Financial experts Cowen and co. quizzed 1,225 consumers on their tablet buying intent, of which half of the 12 per cent who intended to purchase the iPad mini over the next 18 months will be picking up a tablet for the first time.
42 per cent said they would be picking it over a Windows-based device, while 13 per cent will get one instead of an Amazon Kindle Fire HD.
Matthew Hoffman, a number cruncher at Cowen explained: “The iPad mini creates more demand than it cannibalizes. Since 52 per cent of the mini intenders in our sample did not own a tablet of any type, we see it successfully positioned as likely to penetrate new entry-tier segments.

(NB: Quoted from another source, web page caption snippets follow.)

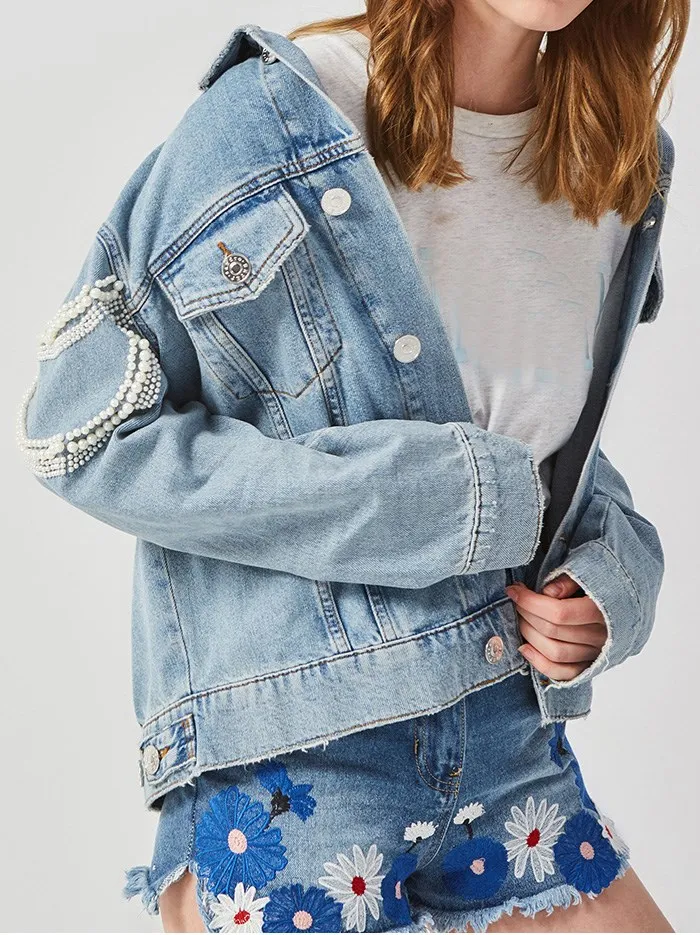 Vintage Perle En Jeans 2018 Veste Bleu Femmes Manches À Lâche Jean Broderie Longues Floral Perles Bomber w8fw4q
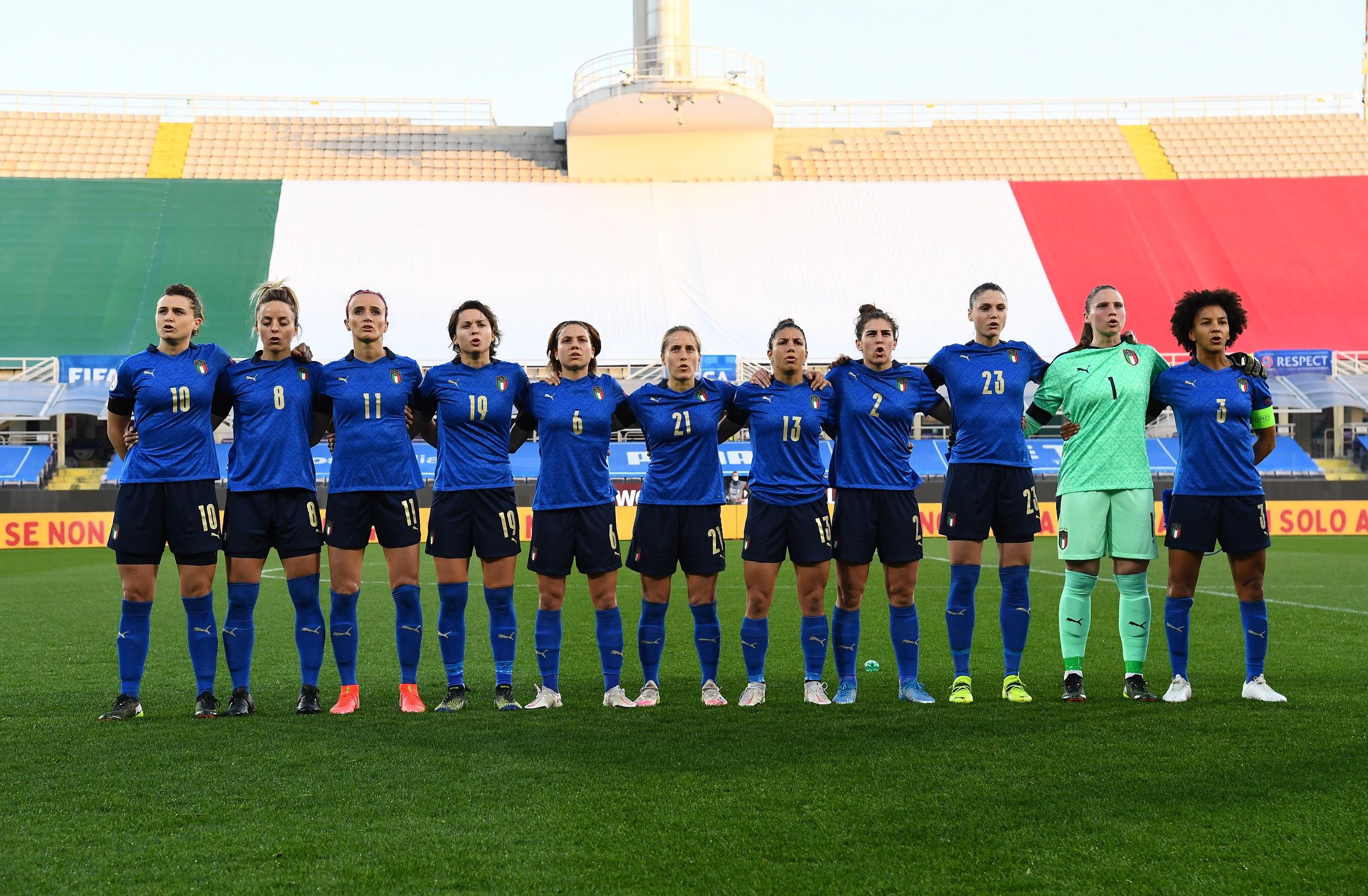 FLORENCE, ITALY - FEBRUARY 24: Italy team during the UEFA Women's EURO 2022 Qualifier match between Italy and Israel at Stadio Artemio Franchi on February 24, 2021 in Florence, Italy. (Photo by Claudio Villa/Getty Images)
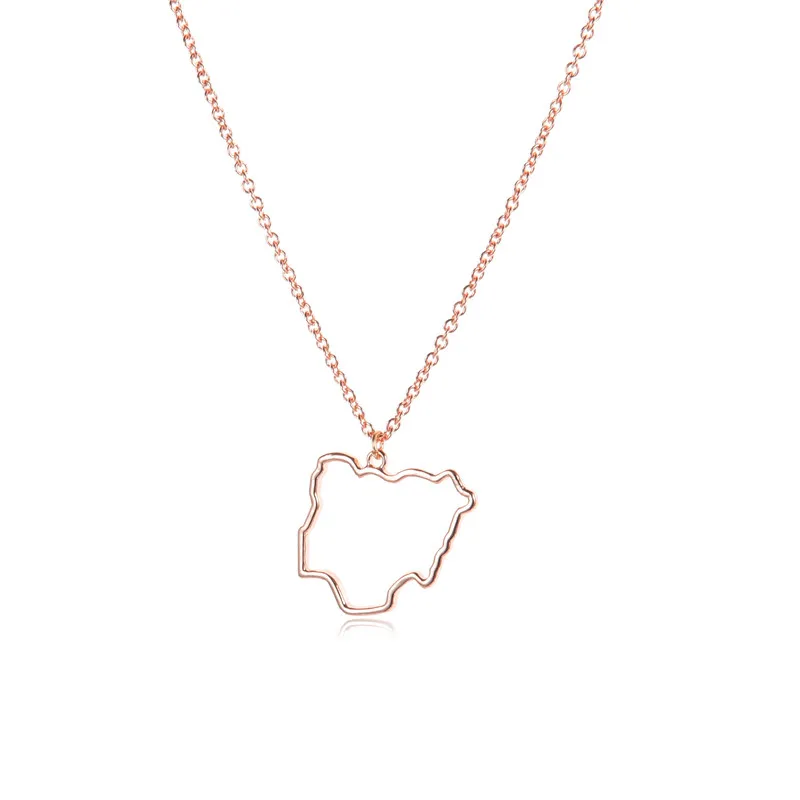

5 Outline Africa Nigeria map Country necklace hollow State geography island city Hometown souvenir pendant Necklace Jewelry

“[The iPad] mini will no doubt take some iPad “4″ sales, but its low price also looks like an important tool to capture new consumers’ attention.”
Last month, Piper Jaffray analyst Gene Munster said the iPad mini is likely to bog down as many as one million current-gen iPad sales in the fourth quarter. While that may still happen to some degree, Apple CEO Tim Cook had a different view on its possibility.
"We have learned over the years not to worry about cannibalization of our own product,” Cook said.
"It's much better for us to do that than for somebody else to do it.”
Cook’s belief is not without justification. Before the iPhone launched, naysayers argued it would cannibalise the sales of the iPod. Instead it went onto become the company’s most successful product, while iPod sales continued to swell with the addition the nano and touch families.
Apple recently confirmed that it sold three million units of the iPad mini and its latest, fourth-generation iPad in the launch weekend alone. How much of an impact this has had on the third and second iteration of the iPad is something only time will tell.